I really don't know what the answer is, because downloading is never not going to be a problem. And as of now it's completely normalised and not just for mainstream films, which is the disturbing part. I could find a torrent for any dvd rip imaginable if I wanted to.
But, if this young peoples don't give a damn about a 200-pages book, for a DVD they would have to import, I don't think they even would download a non-dubbed movie at first. Especially a Japanese one. Especially an old one. Especially a B&W one.
I'm French, but I can tell you : paying £15 for the 2DVD set of Nosferatu, with the 80-pages book, that's something I will do in the next weeks cause it's cheap. It's unbelievably cheap. In France, it's something that would cost around 30€. With the currency change, I already own some Criterion (around a 100, including big frakking sets like the Cassavetes one). I could download them. It would cost me about nothing. But no, I choose to buy them, but 60€ in the Cassavetes set, having 15 days shipping, with a little chance for it to arrive in little pieces cause of the trip.
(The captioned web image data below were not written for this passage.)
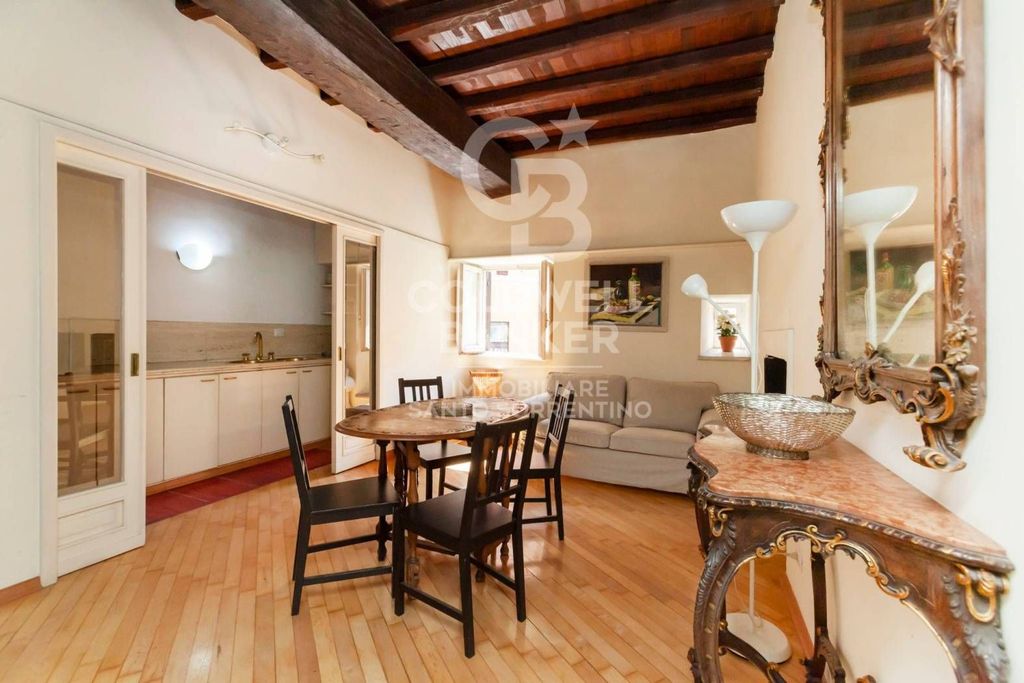 Appartamento – Rome - Vista 4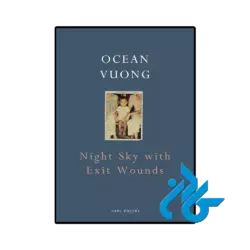 کتاب Night Sky with Exit Wounds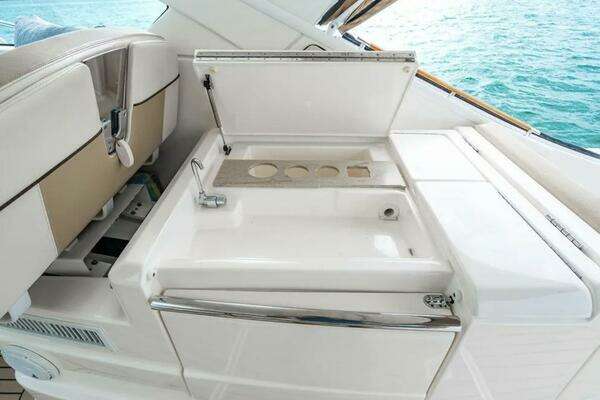 Tiara Yachts 36 Coronet Yacht For Sale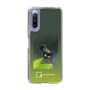 Slim Protection Case［ Green Future Project - Butterfly Coquette ］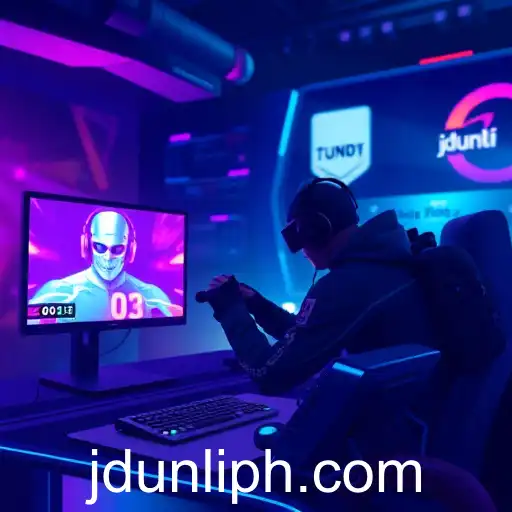 Gaming Industry Trends in 2025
But, the fact is that paying £40-50 for discovering a movie, it's expensive. And, again, you can't expect everybody, especially the 'young generation' to be interested enough by Naruse to pay that amount in order to discover 3 of his movies (and I'm only 22). Even the connoisseurs don't always like them, so I can only laugh by thinking of a 16-old youngster going home after a Transformers screening and starting to download a Naruse movie.
So of course, there is a cultural problem behind all this (even if I think that it can help some movies to have a lot more visibility), but I honestly think that, if a release tank, or do not achieve to sell what it's supposed to, it's more cause it interests less people that it's supposed to than because it was downloaded.
When you're selling things that only interest 1 or 2000 people, you can't expect to sell 1 000 of them every year for 10 years.
That's what I thought. So it's like Carlotta and Wild Side. They can release things that only interest 1000 people cause they are funded by the government. So, in fact, they are also given money by the people who don't want to buy their releases.peerpee wrote: The UK taxpayer funds the BFI (via the UK Film Council) so thank the visionary BFI Video department and the UK taxpayer.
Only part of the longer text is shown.